Phase Transition and Interpore Correlations of Water in Nanopore Membranes

TL;DR

This study uses computer simulations to explore phase transitions and correlation effects of water in nanopore membranes, revealing an antiferroelectric transition and its impact on dielectric properties and proton translocation.

Contribution

It introduces an effective charge model for nanopore water, predicting a continuous phase transition and strong correlations affecting membrane properties.

Findings

Membranes with square pore lattices undergo a continuous order-disorder transition.

Strong antiferroelectric correlations reduce dielectric constant.

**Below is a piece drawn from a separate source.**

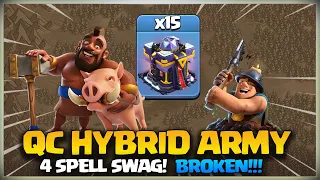 BROKEN! TH15 Hybrid | Th15 Queen Charge Hog Miner Attack Strategy | Best TH15 Attack Strategy Coc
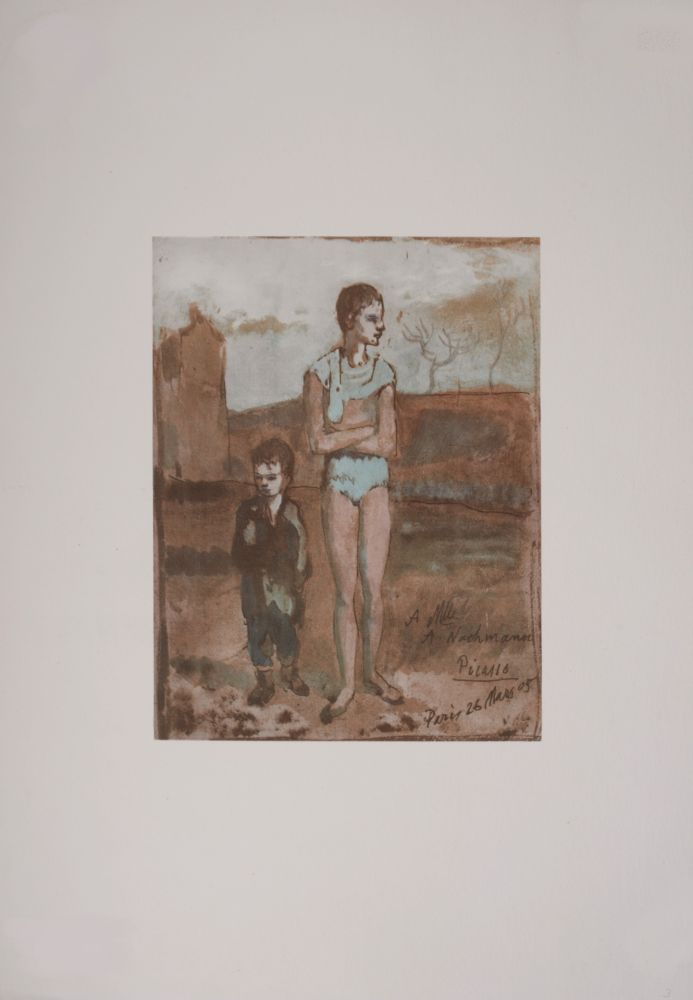 Litografía Picasso (After) - Arlequin et garçon, 1946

Correlations hinder proton translocation.

Abstract

Using computer simulations, we study a membrane of parallel narrow pores filled with one-dimensional wires of hydrogen-bonded water molecules. We show that such a membrane is equivalent to a system of effective charges located at opposite sides of the membrane offering a computationally efficient way to model correlation effects in water-filled nanopore membranes. Based on our simulations we predict that membranes with square pore lattices undergo a continuous order-disorder transition to an antiferroelectric low-temperature phase in which water wires in adjacent pores are oriented in opposite directions. Strong antiferroelectric correlations exist also in the disordered phase far above the critical temperature or in membranes with geometric frustration, leading to a dielectric constant that is reduced considerably with respect to the case of uncoupled water wires. These correlations are also expected to hinder proton translocation through the membrane.